The Conservatives have practically promised their supporters that a 'No' vote will close off all discussion of electoral reform for a generation. And with it the democratisation of our constitution is likely to be put on hold, whatever Nick Clegg promises. Party funding, MPs and Peers having second jobs, Lords reform, all are likely to be either fudged or stitched-up or swept under the rug.
A Conservative victory at the next election is more likely as the impetus for reform is asphyxiated. For a generation any type of real reform in the way politics in Britain as a whole (Scotland and Wales may prove different) is conducted will be postponed and along with this how voters get to be involved.
That could then have disastrous ramifications for policies that need to be contested in this early part of the 21st century. As a green I’m particularly thinking of the urgent need to tackle catastrophic climate change.
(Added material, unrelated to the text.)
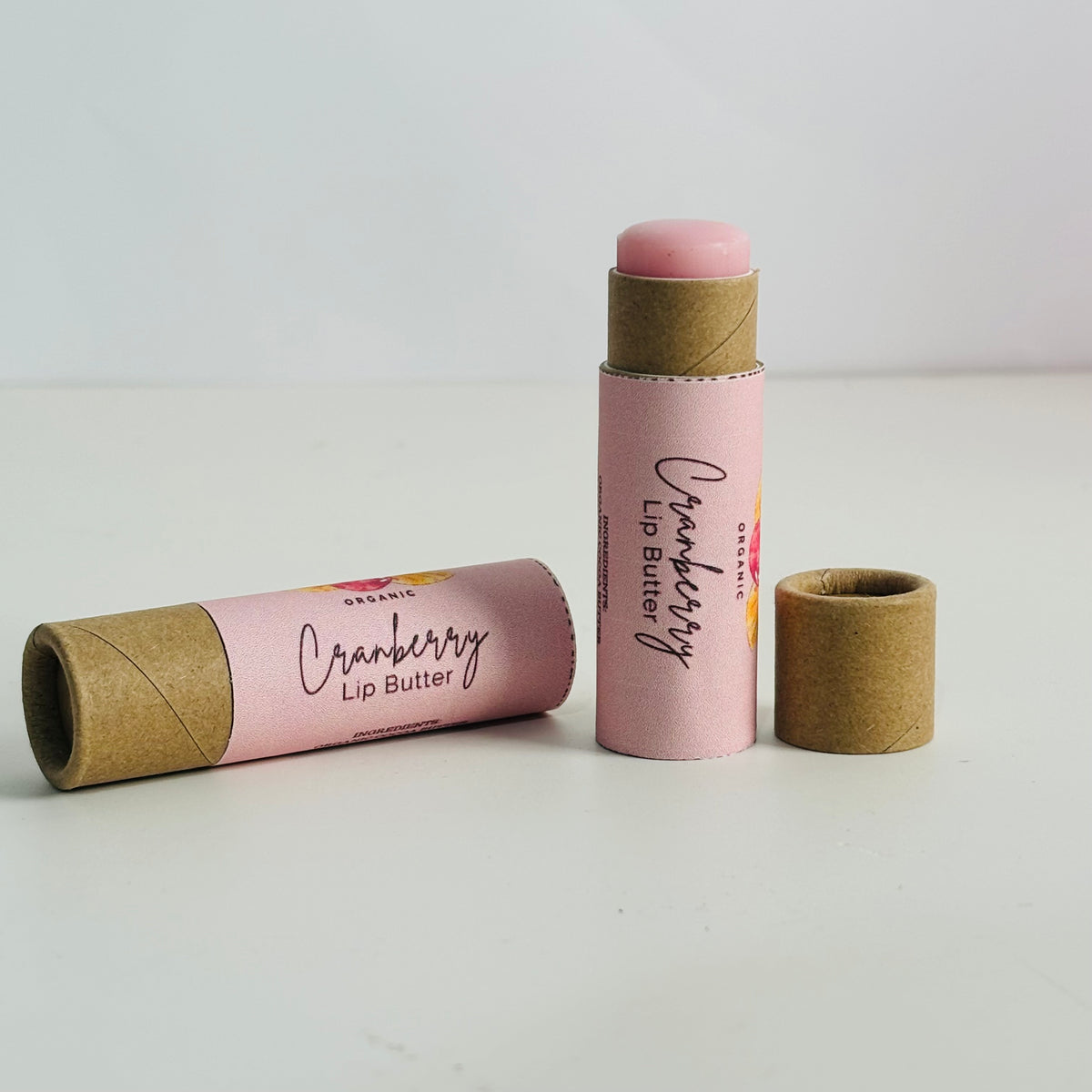 Organic Cranberry Lip Balm – Nourishing Shea Butter & Coconut Oil Moisture with Vanilla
If we have a No vote on May the 5th, in thirty years time we will probably still have First Past the Post system and the same two main parties - Labour and the Conservatives - trying to solve those problems in Westminster without immune from the influence of a very large minority of the electorate and the input of new political parties including the party that I've been a member of for the last decade.
From a g/Green perspective the Labour and Conservative parties, and, they have recently proven beyond doubt the Liberal Democrats, are constitutionally incapable of seriously preventing or mitigating catastrophic climate change. They just don't have it in them. Policies of industrialised economic growth are too central to their raison d'être for them to ditch and enable green change to happen.
This is likely to be the reality of us failing to win a 'Yes' vote on May the 5th. Not just the denial of an interesting alternative to the way elections are conducted, but the denial of the beliefs, hopes and priorities of a significant minority of the population, the minority that wishes to change, to innovate, to grow in a healthier direction, and to steer us out of the mess that industrial global capitalism is getting us into.
The Conservative peer who is the Chair of the No campaign, Rodney Leach, aka Baron Leach, was a banker is a Tory and is a climate change denier. If his campaign wins will we be stuck with the policies he supports for the next thirty years? Decades that are likely to be crucial as cheap oil runs out.
Conversely, if the 'Yes' side wins, then we can encourage an appetite for change: Lords reform, local elections reform, rethinking the unnecessary cuts agenda, blocking the marketisation of the NHS, and real progress on stopping catastrophic climate change. But if the vote is No' all of these things will be in the hands of the political elite of the Conservative and Labour parties (half of whose MPs support a 'No' vote and will be strengthened if they win). And we've just had the last thirty years to see what that is like.